■ THE INPUT ■
*** Block opens ***

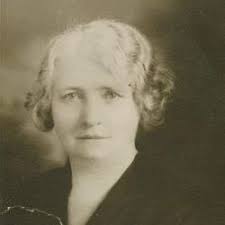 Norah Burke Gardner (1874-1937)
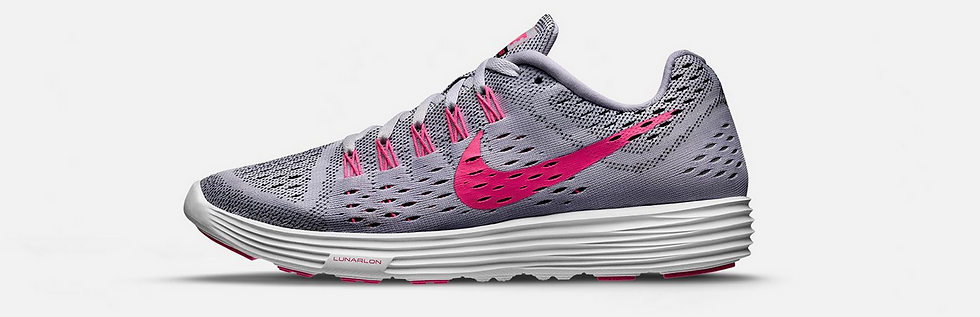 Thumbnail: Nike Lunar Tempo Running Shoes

*** Block closes ***
*** Block opens ***

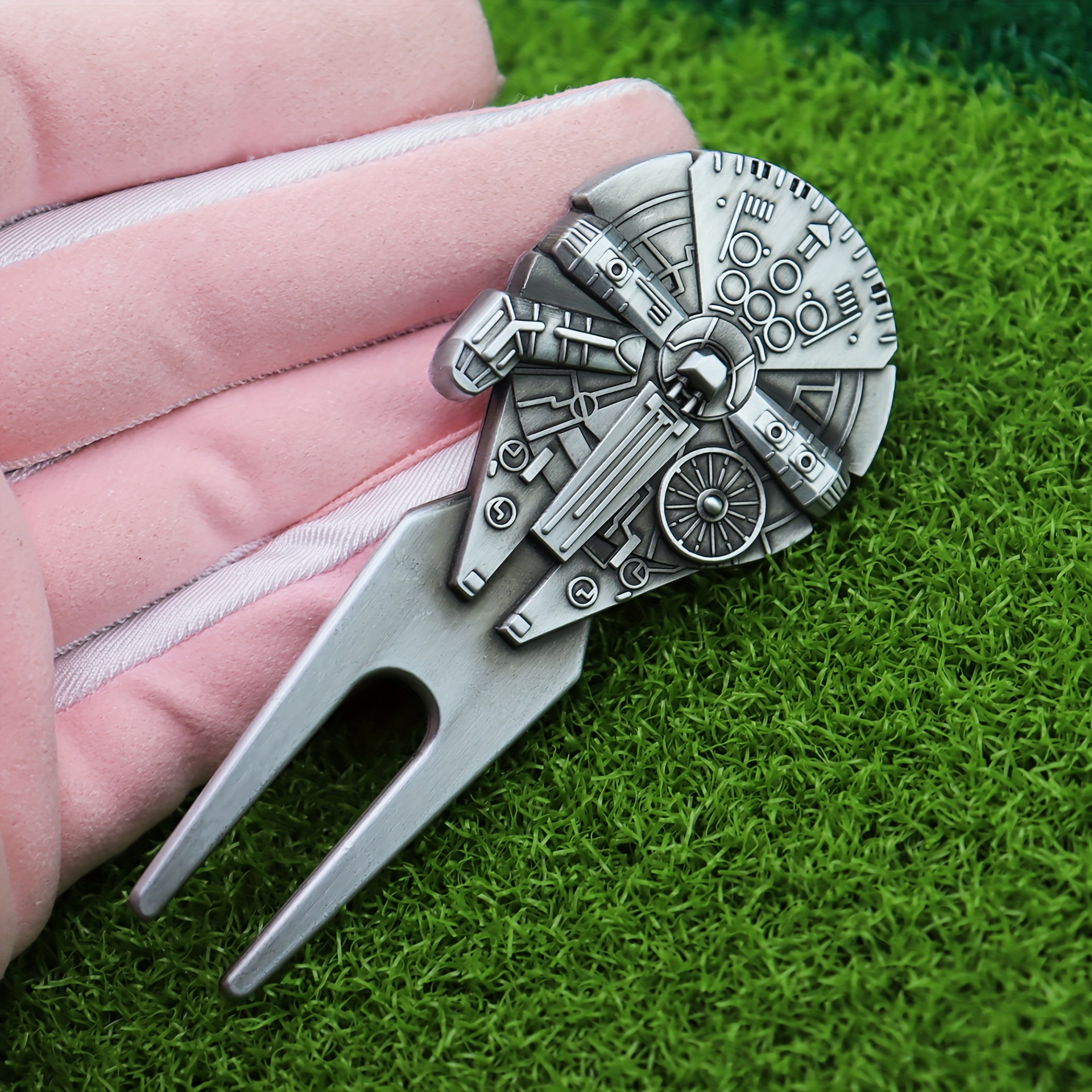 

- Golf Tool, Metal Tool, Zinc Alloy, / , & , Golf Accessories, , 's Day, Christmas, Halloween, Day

*** Block closes ***

The response must repeat exactly the lines above from the one with "Norah Burke Gardner (1874-1937)" through the one with "Thumbnail: Nike Lunar Tempo Running Shoes", including both, and must contain no pictures and no other text.

 Norah Burke Gardner (1874-1937)
 Thumbnail: Nike Lunar Tempo Running Shoes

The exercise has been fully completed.